Matt Caswell via RT rt at openssl.org
Tue Oct 13 09:22:53 UTC 2015



On 12/10/15 17:19, Matt Caswell via RT wrote:
> 
> 
> On 12/10/15 16:39, Matt Caswell via RT wrote:
>>
>>
>> On 12/10/15 16:03, Alessandro Ghedini via RT wrote:
>>> On Mon, Oct 12, 2015 at 01:45:20PM +0000, Hubert Kario via RT wrote:
>>>> On Friday 09 October 2015 18:05:19 Matt Caswell via RT wrote:
>>>>> On 09/10/15 19:02, Hubert Kario via RT wrote:
>>>>>> And for good measure, I also created a test script that
>>>>>> combines fragmentation with interleaving.
>>>>>
>>>>> Did you try my patch with it? And if so what happened?
>>>>
>>>> I'm using interleave-data-102.patch attached to this ticket.
>>>>
>>>> So, for state-machine-rewrite branch it doesn't apply, there's no 
>>>> ssl/s3_pkt.c file.
>>>>
>>>> For current 1.0.1 branch, the patch applies, test case results are as 
>>>> follows:
>>>>  * test-openssl-3712.py - pass
>>>>  * test-interleaved-application-data-in-renegotiation.py - pass
>>>>  * test-interleaved-application-data-and-fragmented-handshakes-in-
>>>> renegotiation.py - pass
>>>>
>>>> For current 1.0.2 branch, the patch applies, tests case results are as 
>>>> follows:
>>>>  * test-openssl-3712.py - pass
>>>>  * test-interleaved-application-data-in-renegotiation.py - pass
>>>>  * test-interleaved-application-data-and-fragmented-handshakes-in-
>>>> renegotiation.py - pass
>>>>
>>>> for current master the patch doesn't apply, just like with state-
>>>> machine-rewrite there's no ssl/s3_pkt.c file
>>>>
>>>> Note: the two latter test cases need the s_server run in -www mode, the 
>>>> first test case ignores server response so will work regardless, that 
>>>> may be why Alessandro testing doesn't show the issue as fixed
>>>
>>> Ah, yep, with -www it works for me too.
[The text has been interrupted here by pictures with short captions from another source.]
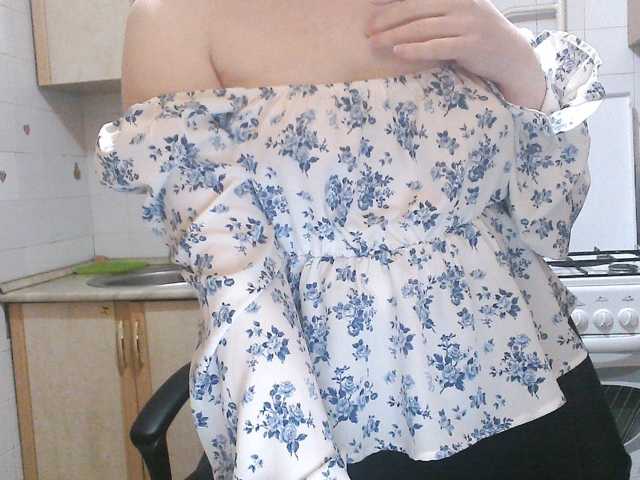 Sweety-Katie live cam on BongaCams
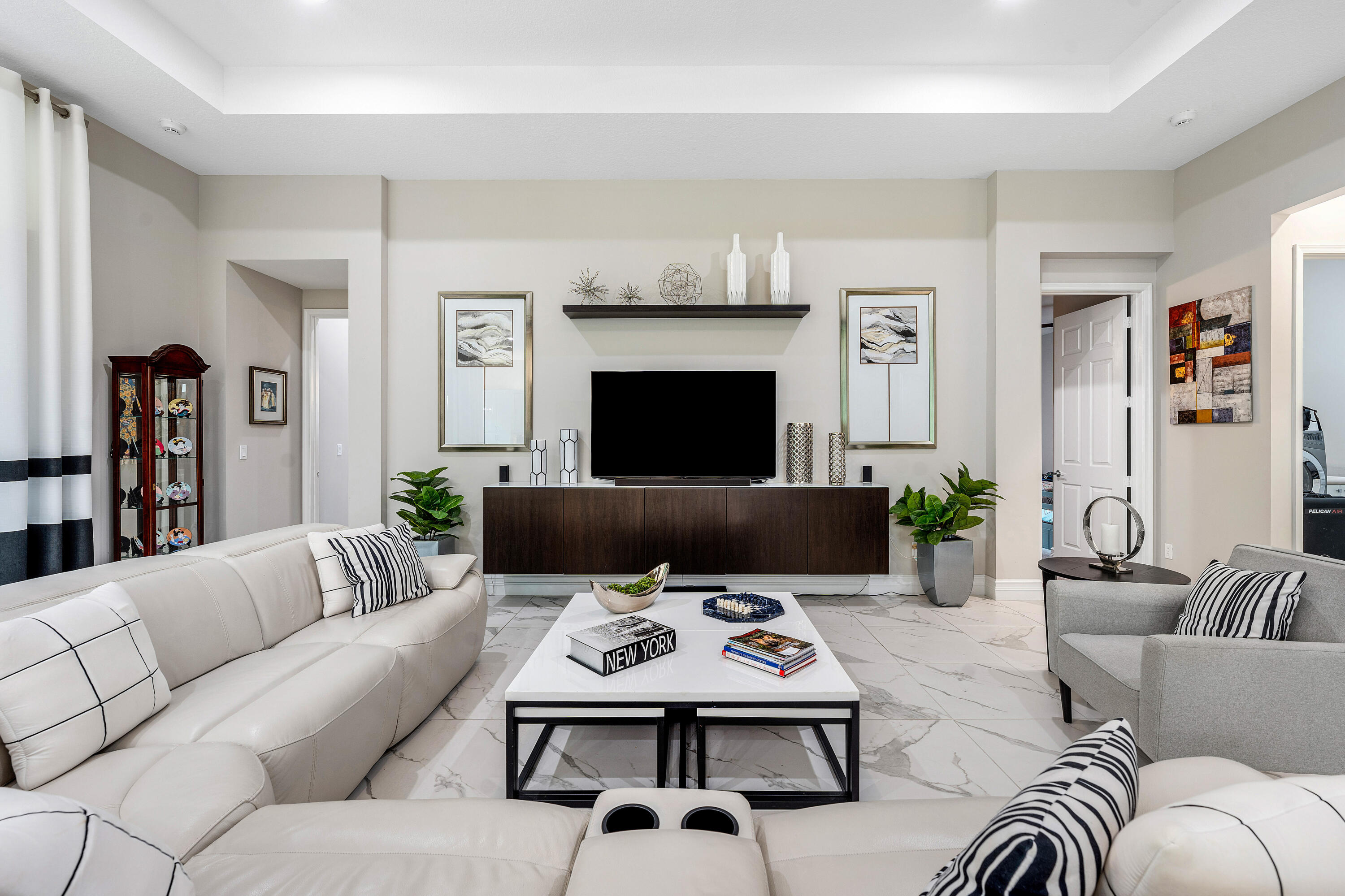 Valencia Bay - Residential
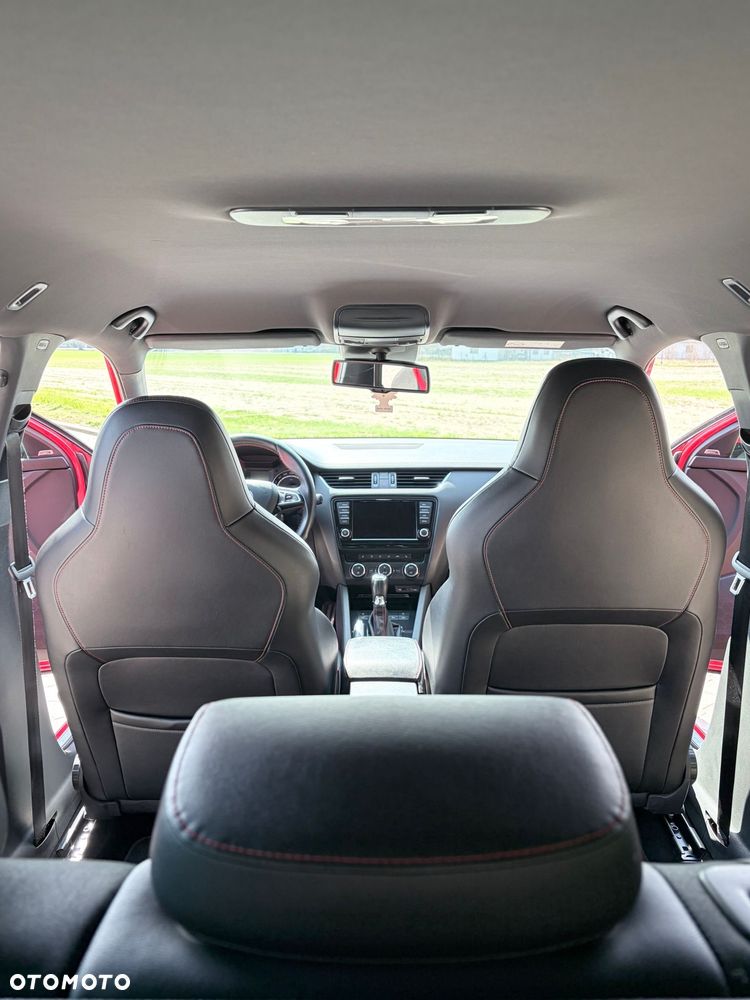 Skoda Octavia 2.0 TSI (Green tec) DSG RS - 13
Note that on master the file to change
>>> should be ssl/record/ssl3_record.c. However, while the patch applies cleanly to
>>> this file, all the tests fail (even with -www). It seems that the field
>>> in_read_app_data is never true, so the UNEXPECTED_MESSAGE alert is sent.
>>
>> The value of "in_read_app_data" not being true when it is supposed to
>> appears to be running into a slightly different bug. It's also present
>> in 1.0.2 but you have to switch off version negotiation. So running
>> s_server like this in 1.0.2 and rerunning Hubert's test will hit it:
>>
>> openssl s_server -www -tls1_2
>>
>> The 1.0.2 version negotiation is hiding the issue. In master version neg
>> has been completely rewritten and simplified - but in doing so no longer
>> hides the problem. :-(
> 
> Having done some more digging it seems the problem only occurs if you
> get the initial handshake, following by a second reneg handshake *and*
> interleaved app data all within the scope of a *single* SSL_read call.
> AFAICT if SSL_read returns between the first handshake and the second,
> you don't get the problem.
> 
> That's starting to sound like quite an unlikely scenario and we're only
> hitting it now because of the slightly artificial nature of Hubert's
> test. I'm wondering whether "will not fix" is the right response to this
> second bug? Thoughts? Having said that it would be nice to have a
> reliable test for the interleaved-app data issue.

Ok, updated version of the patch attached. This is for 1.0.2 but should
pass Hubert's tests even when you run s_server with "-tls1_2".